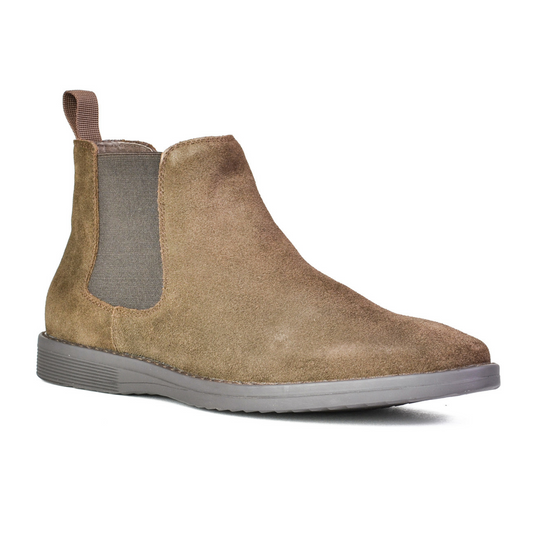 Bata Men's Daniel Suede Casual Pull On Boot - Chocolate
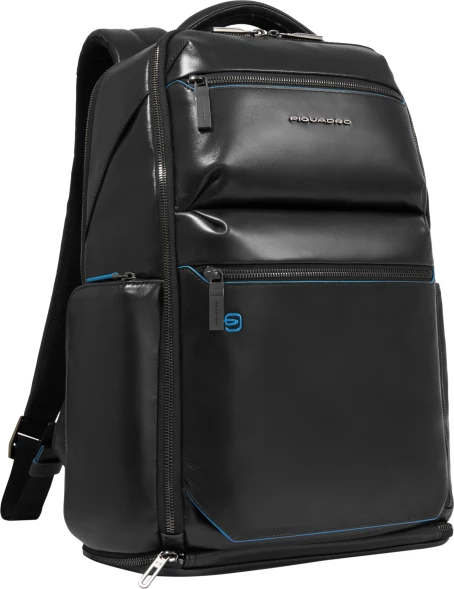 Рюкзак мужской Piquadro Blue Square CA6592B2BM/N черный натур.кожа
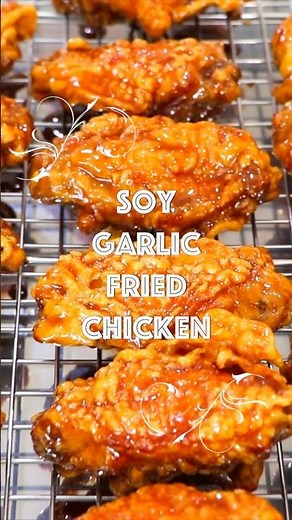 Perfectly Crispy Soy Garlic Wings Every Single Time #recipe #chickenwings #homecooking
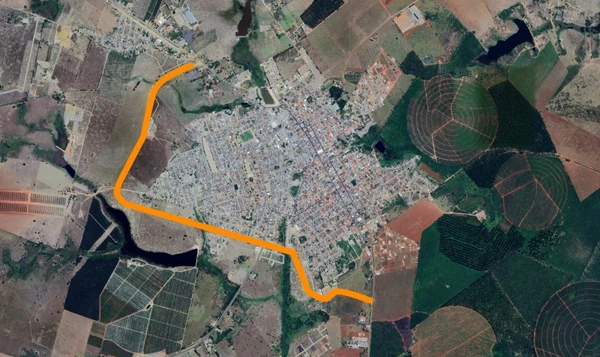 Traçado previsto para o futuro Contorno de Pinheiros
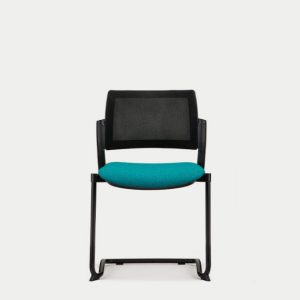KM10  Kyos No Arms Cantilever Frame Upholstered Seat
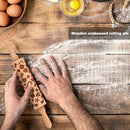 Christmas Embossing Rolling Pin Baking Cookies Dough Cake Engraved Roller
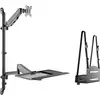 Image de Digitus DA-90372 Wandbeugel voor monitor Aantal monteerbare displays: 1 Display(s) 43,2 cm (17) - 81,3 cm (32) Zwart In hoogte verstelbaar, Zwenkbaar,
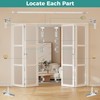 Closet Bifold Door Hardware & 2 x 36" Track Kit,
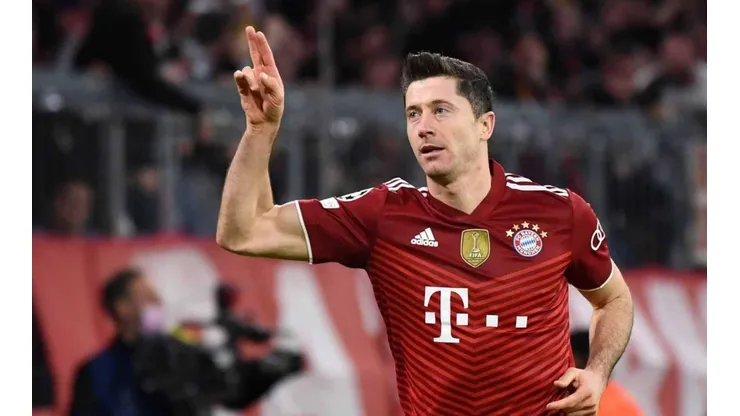 Lewandowski juega en el Bayern Múnich desde 2014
# # #
EXERCISE BRIEF: Copy the listing character for character, pictures omitted.

EXERCISE SOLUTION:
 Bata Men's Daniel Suede Casual Pull On Boot - Chocolate
 Рюкзак мужской Piquadro Blue Square CA6592B2BM/N черный натур.кожа
 Perfectly Crispy Soy Garlic Wings Every Single Time #recipe #chickenwings #homecooking
 Traçado previsto para o futuro Contorno de Pinheiros
KM10  Kyos No Arms Cantilever Frame Upholstered Seat
 Christmas Embossing Rolling Pin Baking Cookies Dough Cake Engraved Roller
 Image de Digitus DA-90372 Wandbeugel voor monitor Aantal monteerbare displays: 1 Display(s) 43,2 cm (17) - 81,3 cm (32) Zwart In hoogte verstelbaar, Zwenkbaar,
 Closet Bifold Door Hardware & 2 x 36" Track Kit,
 Lewandowski juega en el Bayern Múnich desde 2014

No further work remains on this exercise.